## Provided material
◇ ◇ ◇ ◇ ◇
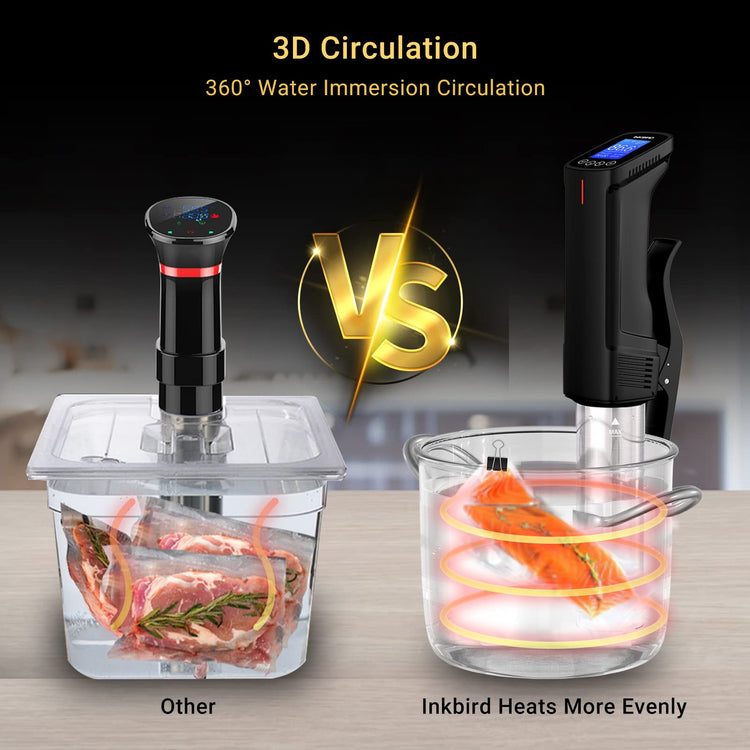 WIFI Sous Vide Cooker Bundle with 30PCS Sous Vied bags and Vacuum Sealer Pump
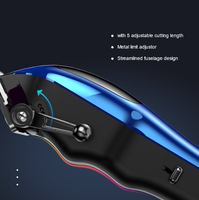 Tondeuse à cheveux professionnelle rechargeable WMARK NG-9002 avec logo personnalisé, moteur Maglev 10000 tr/min, pour usage domestique, en anglais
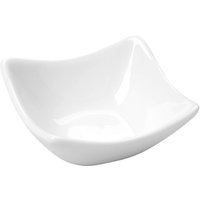 12x VEGA Mini ciotolina Saxo; 50 ml, 7.5x7.5x3.5 cm (LxLxH); bianco; quadrata; 12 pz. / Pacco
◇ ◇ ◇ ◇ ◇
Reproduce, word for word, every line from the one that contains "Tondeuse à cheveux" to the end of the data, including both ends; omit all pictures.

 Tondeuse à cheveux professionnelle rechargeable WMARK NG-9002 avec logo personnalisé, moteur Maglev 10000 tr/min, pour usage domestique, en anglais
 12x VEGA Mini ciotolina Saxo; 50 ml, 7.5x7.5x3.5 cm (LxLxH); bianco; quadrata; 12 pz. / Pacco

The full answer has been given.